## DATASET RECORDS:
------------------------------------

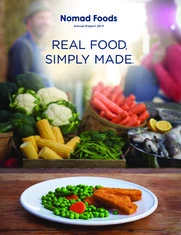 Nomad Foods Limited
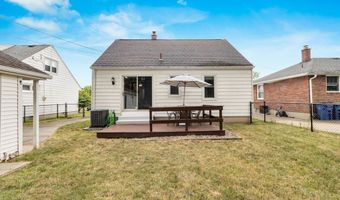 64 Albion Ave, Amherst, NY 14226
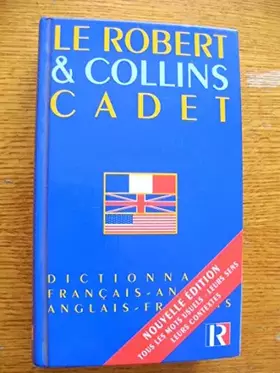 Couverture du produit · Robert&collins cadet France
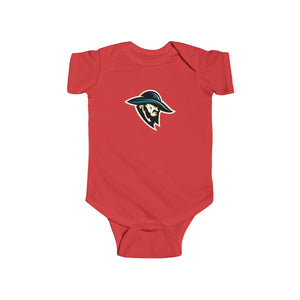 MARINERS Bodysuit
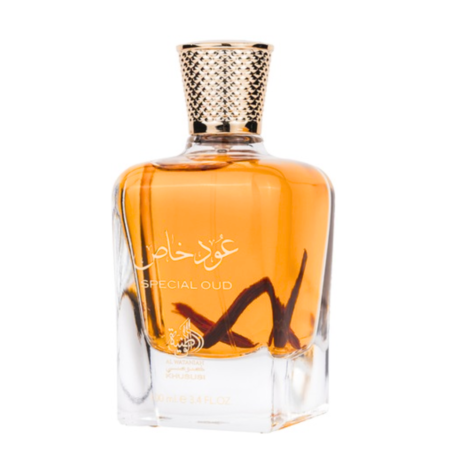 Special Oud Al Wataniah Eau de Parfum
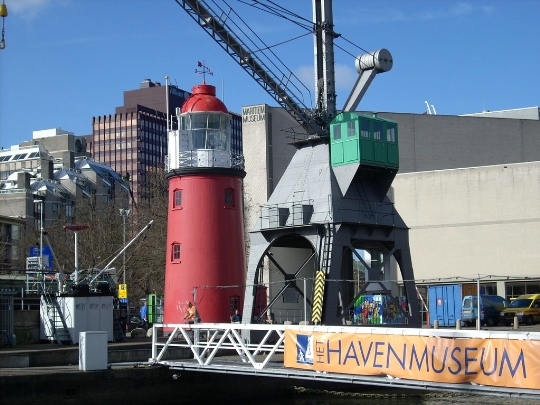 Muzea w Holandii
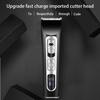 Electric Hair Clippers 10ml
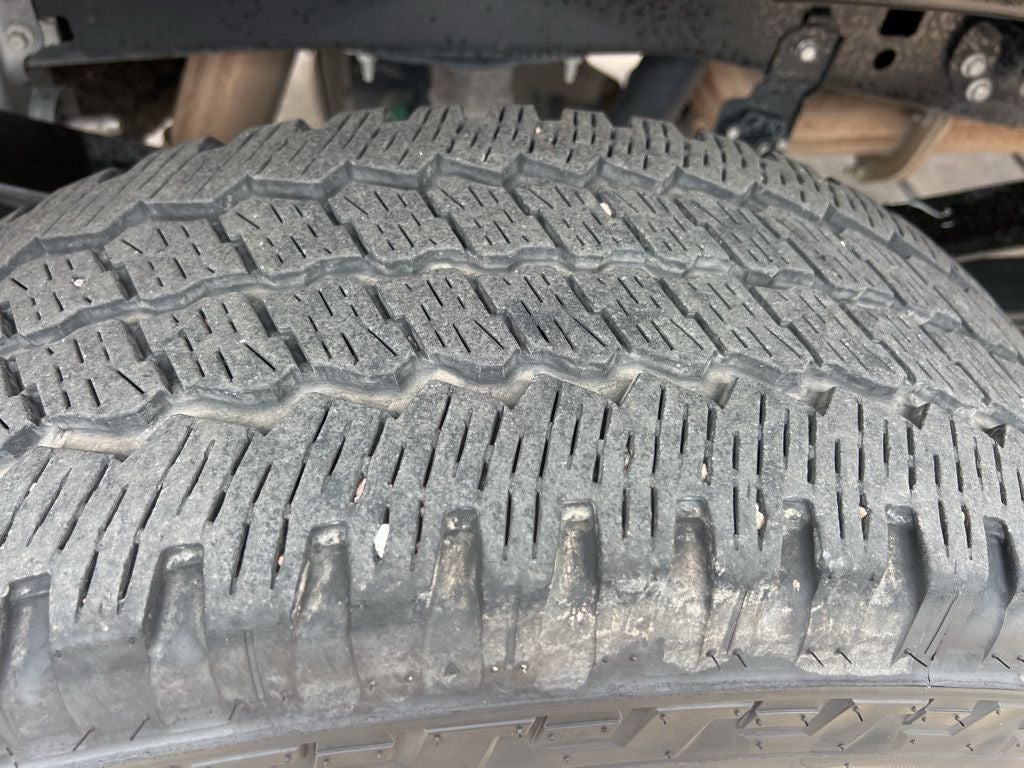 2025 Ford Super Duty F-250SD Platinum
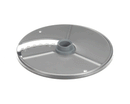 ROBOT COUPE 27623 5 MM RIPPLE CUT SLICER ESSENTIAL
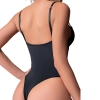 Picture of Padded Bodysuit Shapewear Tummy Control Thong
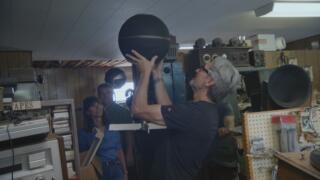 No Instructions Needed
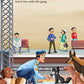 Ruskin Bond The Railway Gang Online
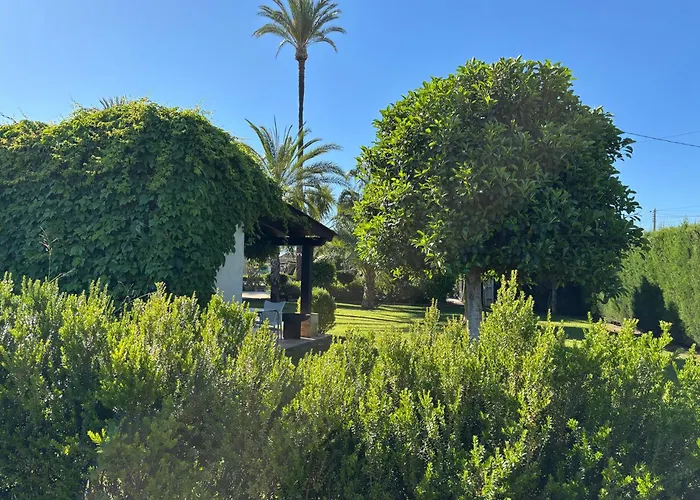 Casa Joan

------------------------------------

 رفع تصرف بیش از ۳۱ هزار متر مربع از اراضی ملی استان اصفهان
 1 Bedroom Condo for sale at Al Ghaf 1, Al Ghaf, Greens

------------------------------------

## TASK PROMPT:
Where the listing above has a line with "رفع تصرف بیش", start there, and output every line exactly through the line with "1 Bedroom Condo", which is also included.

## RESPONSE TO THIS TASK:
 رفع تصرف بیش از ۳۱ هزار متر مربع از اراضی ملی استان اصفهان
 1 Bedroom Condo for sale at Al Ghaf 1, Al Ghaf, Greens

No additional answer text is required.